Doctor Who: Verdigris Review

Verdigris Cover

By Will Barber – Taylor

While staying at The Doctor’s country home in Kent, Jo Grant meets Iris Wildthyme and her latest companion, Tom. They soon become involved in a group of aliens who are trying to take over the Earth dressed as characters from works of fiction. Tom soon becomes a member of the mysterious Destiny’s Children. They believe that The Doctor and Iris are frauds. But they have been manipulated by an even greater force, the being known as Verdigris.

The characters in this book are excellent.  Paul Maggs get The Third Doctor down to a tee. He truly is the same Doctor we saw in the TV series, sophisticated, action loving and very much an authority figure. Indeed, you can hear Pertwee saying the lines, particularly in the end scene in the book where he confronts Verdigris and the Galactic Council. This is a Pertwee novel and not simply a Colin Baker story with Peter Davison’s face on it. (You know what I’m talking about Terrence Dicks.)  This is also not the Pertwee we see in the failure of an episode, Dimensions in Time. This is 70’s Pertwee at his best.

Iris Wildthyeme, Maggs’s own creation, is excellent in this story very much playing of against Pertwee’s Doctor. It is interesting how through the course of the novel, The Doctor and Iris’s relationship changes from frosty disapproval into one mutual admiration.  Iris’s character evolves from mad renegade into a fully formed character, as we see her quietly slip away without saying goodbye. Iris is sorry for the events of Verdigris and not being able to say goodbye is her way of showing how ashamed she is.  I hope very much that Iris will be mentioned or better yet appear in the next series.

The problem with this novel is it is too long. The alien invasion takes up too much of the book and though the Children of Destiny (most likely influenced by the 70’s TV show The Tomorrow People.) are fun at first, they get gradually more and more annoying. The true problem of the book though is that it does have a stop and start feel to it.  It’s almost as though the book is a collection of ideas, some good and some bad which have been put together. However, they don’t all fit together. Verdigris  could have come up with a better plan. Why use the race you first encounter? Like I said, Verdigris is a bit of a muddled book. However, it is a very enjoyable, muddled book and I highly recommend it.

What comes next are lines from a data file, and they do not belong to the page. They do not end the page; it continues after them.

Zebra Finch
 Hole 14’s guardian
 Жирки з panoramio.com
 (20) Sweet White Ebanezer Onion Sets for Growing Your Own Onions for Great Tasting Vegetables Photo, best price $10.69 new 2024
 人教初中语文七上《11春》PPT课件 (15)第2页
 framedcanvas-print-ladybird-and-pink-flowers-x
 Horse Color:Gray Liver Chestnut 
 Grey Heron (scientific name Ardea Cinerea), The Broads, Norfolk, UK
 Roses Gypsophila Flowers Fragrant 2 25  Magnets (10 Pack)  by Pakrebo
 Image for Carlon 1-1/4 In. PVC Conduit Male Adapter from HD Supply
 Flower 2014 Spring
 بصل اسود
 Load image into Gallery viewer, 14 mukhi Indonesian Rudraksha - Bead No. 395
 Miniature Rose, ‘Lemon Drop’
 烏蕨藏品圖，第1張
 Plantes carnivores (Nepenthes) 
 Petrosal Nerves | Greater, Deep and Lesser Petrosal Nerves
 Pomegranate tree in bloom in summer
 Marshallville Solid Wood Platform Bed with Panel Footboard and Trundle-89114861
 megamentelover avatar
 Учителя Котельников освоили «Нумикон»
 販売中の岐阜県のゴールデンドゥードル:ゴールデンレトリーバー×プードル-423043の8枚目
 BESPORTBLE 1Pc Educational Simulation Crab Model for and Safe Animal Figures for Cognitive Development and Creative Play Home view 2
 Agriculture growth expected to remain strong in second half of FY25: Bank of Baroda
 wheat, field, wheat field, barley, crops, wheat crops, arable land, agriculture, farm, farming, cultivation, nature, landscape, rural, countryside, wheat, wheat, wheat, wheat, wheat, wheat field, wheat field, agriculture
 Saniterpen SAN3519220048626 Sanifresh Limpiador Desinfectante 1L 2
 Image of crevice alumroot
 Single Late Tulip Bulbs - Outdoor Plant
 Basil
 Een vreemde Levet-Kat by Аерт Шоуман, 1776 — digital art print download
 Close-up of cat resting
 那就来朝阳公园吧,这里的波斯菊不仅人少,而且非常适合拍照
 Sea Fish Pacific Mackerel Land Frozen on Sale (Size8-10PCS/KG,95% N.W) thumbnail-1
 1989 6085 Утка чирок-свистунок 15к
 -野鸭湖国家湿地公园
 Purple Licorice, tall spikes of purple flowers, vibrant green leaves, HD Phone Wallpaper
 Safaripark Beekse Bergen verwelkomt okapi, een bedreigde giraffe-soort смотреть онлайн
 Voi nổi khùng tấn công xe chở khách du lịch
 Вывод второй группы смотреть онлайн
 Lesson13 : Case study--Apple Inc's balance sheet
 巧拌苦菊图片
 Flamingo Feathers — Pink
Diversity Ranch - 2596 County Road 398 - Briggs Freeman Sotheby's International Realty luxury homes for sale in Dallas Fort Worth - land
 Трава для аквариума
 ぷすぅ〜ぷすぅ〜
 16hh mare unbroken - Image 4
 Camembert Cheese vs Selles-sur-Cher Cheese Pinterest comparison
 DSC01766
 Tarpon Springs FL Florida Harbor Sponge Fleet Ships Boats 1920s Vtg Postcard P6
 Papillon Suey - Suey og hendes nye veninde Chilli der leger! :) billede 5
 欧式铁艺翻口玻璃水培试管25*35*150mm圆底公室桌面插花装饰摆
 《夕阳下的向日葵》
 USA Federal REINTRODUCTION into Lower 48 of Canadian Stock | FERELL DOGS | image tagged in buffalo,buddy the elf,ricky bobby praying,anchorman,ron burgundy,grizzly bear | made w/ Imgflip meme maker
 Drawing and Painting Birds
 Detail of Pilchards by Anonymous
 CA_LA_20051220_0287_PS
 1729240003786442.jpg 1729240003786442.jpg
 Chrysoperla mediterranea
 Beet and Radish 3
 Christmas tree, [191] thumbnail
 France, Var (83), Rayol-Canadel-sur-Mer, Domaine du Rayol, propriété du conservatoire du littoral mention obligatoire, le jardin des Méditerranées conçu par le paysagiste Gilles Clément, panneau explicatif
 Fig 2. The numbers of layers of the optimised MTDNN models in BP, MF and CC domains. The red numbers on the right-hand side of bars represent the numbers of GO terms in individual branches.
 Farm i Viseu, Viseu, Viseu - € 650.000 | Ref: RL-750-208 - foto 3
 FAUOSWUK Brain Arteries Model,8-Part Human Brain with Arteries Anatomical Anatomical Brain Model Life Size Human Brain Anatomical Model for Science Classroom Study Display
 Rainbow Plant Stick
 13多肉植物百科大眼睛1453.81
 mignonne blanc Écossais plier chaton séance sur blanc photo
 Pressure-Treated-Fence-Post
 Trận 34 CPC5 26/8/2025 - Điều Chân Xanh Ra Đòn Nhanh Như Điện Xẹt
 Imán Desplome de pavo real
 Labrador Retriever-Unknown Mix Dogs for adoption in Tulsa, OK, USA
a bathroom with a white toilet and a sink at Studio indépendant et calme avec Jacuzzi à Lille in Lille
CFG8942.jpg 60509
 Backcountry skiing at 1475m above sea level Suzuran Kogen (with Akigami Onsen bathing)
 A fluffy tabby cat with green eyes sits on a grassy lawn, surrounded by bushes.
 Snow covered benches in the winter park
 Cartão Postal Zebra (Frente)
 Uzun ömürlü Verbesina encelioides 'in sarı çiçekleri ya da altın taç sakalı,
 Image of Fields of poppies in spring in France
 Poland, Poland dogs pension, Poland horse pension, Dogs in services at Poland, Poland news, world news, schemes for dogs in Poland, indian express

The descriptions are excellent.

“And then, clutching our burning brands and our tambourines, we all went dancing and skipping about in the cavern; each of us ancient novices keeping one, perfect gold and black painted eye attentively fixed on the rapt, ecstatic High Priestess and the gambolling fluid flames that shot out of the of the sacred crevice and leapt fully five feet tall into the humid gloom, thrilling us all –I can tell you- to bits.”

The above quotation, when Iris is in a dreamlike state, beautifully conjures up the pace and manner of the book.

Verdigris is a great book if like some people it is slightly confused about its identity. Is it an action book? Is it a slapstick comedy? Really it’s a bit of both and in some parts, it does not work well. But as Iris might say “It’s a bit mad, but it’s wonderful.”